# Casters



## Gansett (Apr 8, 2011)

I like the idea of casters so the layout can be moved. Things seem to grow under immovable objects.
My layout will be in the basement on a smooth, relatively flat concrete floor. I had no problems moving my tools on mobile bases but each weighed hundreds of pounds and they were on 3 inch HD casters. 
For reference purposes what's a 4x8 HO layout weigh? 2x4 with 3/8 OSB or 1/2 inch ply top.Just a rough idea as I'll up the recommendation to be on the safe side. I subscribe to the old belt and suspenders theory, you never can be too safe.


----------



## NIMT (Jan 6, 2011)

Jack,
I've had layouts that weighed as little as 200 lbs and as heavy as several thousand pounds, I guess it's all depends on how big and how much material you use. 
I have used casters on a few layouts and it's better to use 2x6 for the border frame not only for weight but for rigidity. Also make sure that any joints are tied together to not allow them to flex. I used spring loaded or cushioning casters as they will make up for any slight variations in the floor height. Also use locking ones too, nothing worse then leaning in to set that last detail and ending up with your face in the round house!


----------



## tjcruiser (Jan 10, 2010)

A 2x4 is about 1.25 lbs/ft.

A 1/2" sheet of plywood is about 50 lbs.

So, say maybe 8 2x4's, each at 8' (cut in sections) ... that's 80 lbs, plus 50 lbs for the ply, plus the trains, scenery, wiring, etc. ...

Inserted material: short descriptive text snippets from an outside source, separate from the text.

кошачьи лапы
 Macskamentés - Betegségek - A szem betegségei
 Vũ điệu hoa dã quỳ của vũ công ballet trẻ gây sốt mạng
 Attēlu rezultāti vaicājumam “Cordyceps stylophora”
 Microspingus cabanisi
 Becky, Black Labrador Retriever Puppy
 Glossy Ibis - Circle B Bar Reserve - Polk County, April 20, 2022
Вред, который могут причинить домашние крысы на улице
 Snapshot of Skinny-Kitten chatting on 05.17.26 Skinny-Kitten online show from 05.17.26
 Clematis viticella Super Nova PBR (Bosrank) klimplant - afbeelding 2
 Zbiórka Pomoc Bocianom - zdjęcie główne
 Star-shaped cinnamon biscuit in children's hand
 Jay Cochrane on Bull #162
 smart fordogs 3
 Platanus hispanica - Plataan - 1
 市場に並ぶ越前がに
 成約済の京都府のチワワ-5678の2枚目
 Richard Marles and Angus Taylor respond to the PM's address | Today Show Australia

Sean's 200 lb light-end target seems to be about right for a simple/light setup.

TJ


----------



## dablaze (Apr 17, 2012)

I sell used equipment that often needs to be leveled. Keep in mind that castors that sit a long time can flat spot, so its good to not cheap out, because when they move, the wheels spin independently and you want it to stay as level as possible.

Craig


----------



## lehrr (Dec 7, 2011)

I have my 4X8 on 2" casters. Frame is all 2X4, 16" on center, and it's actually got two layers of 3/8" ply on the top. This way I can run the layout in my limited space and roll it out if I need access to the back. Works great.


----------